Occupied lands? During the recent controversial protest of Israel at the Toronto International Film Festival, the issue of Israel's so-called occupation of Palestinian land was chief among the complaints. Perhaps the complainants should have looked no further than their own home and native land. As former Vancouver Sun writer Ian Gill points out in his necessary and timely All That We Say is Ours: Guujaaw and the Reawakening of the Haida Nation, the land question goes to our very origins of Canada as a confederation.
“An issue,” writes Gill, who has been visiting Haida Gwaii for 25 years, “that remains perhaps the most profound failing of Canada as a nation, a deep stain on our claim to value fairness for all people in everything from our daily lives to our constitution.”

All That We Say is Ours: Guujaaw and the Reawakening of the Haida Nation, by Ian Gill, Douglas & McIntyre, 256 pages, $34.95
Haida Gwaii (“Island of the People”), according to Haida legend, emerged from a cockle shell at Rose Spit, off the coast of British Columbia, more than 10,000 years ago. A land of great abundance and beauty, it was inhabited by tens of thousands of Haida for more than 6,000 years. On a clear day, Alaska to the north is visible, but mainland Canada is never in sight.

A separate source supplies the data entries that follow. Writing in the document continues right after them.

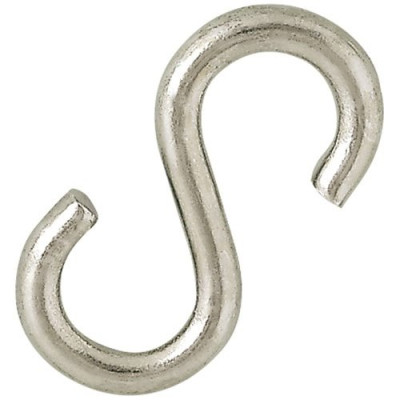 ESSE EGALE OUV.3,0MM C/6  ES2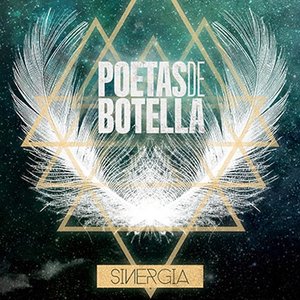 Sinergia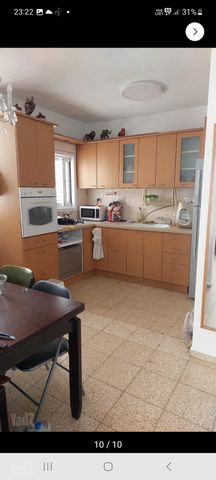 Petah Tikva, Israel 9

In 1787, the islands were surveyed by Captain George Dixon and named by him after one of his ships, the Queen Charlotte (it later became known as Haida Gwaii).
At the time of colonial contact, the population was roughly 10,000 to 60,000. Ninety per cent of the population died during the 1800s from smallpox; other diseases arrived as well, including typhoid, measles and syphilis, affecting many more inhabitants. By 1900, only 350 people remained.
Industrial logging arrived on Haida Gwaii in the early 1900s. The Gowgaia Institute estimates that 170,000 hectares were logged over the next century – enough wood to circle the Earth with a six-foot diameter log worth about $20-billion. The land in Haida Gwaii was ruined, as what was once forest was laid bare.
“From an aboriginal perspective, ownership of the land was never in question until someone arrived to contest it,” Gill writes. Beginning with Sir James Douglas and the Hudson's Bay Company, there was no real distinction between the goals of government and those of business. The land question was never settled by successive B.C. governments, which preferred not to acknowledge that there was a “question” at all. Native people were herded onto reserves and left to their misery.
The blockade was a significant new chapter in Haida mythology
Gary Edenshaw, later known as the visionary artist, drummer and orator Giindajin Haawasti Guujaaw, was born in 1953 into a family of nine children in the town of Masset on Haida Gwaii. A young tough working at the Dragon Bowling Alley, rowing, signing and drumming, he became known as Giindajin, full of questions.
Giindajin did not go to residential school, however, avoiding it by “the narrowest of threads,” dancing at the feet of his great grandmother and demonstrating a keenness for listening to the stories of his elders, connected him to the Haida's vast culture. His mother died when he was a teenager; he learned carpentry as a trade, leaving the island for a few years before returning to his hometown in the early 1970s, when Haida Gwaii had begun to attract some counter-culture types. Jenny Nelson, a flower child from Ontario, became his wife and mother of his children.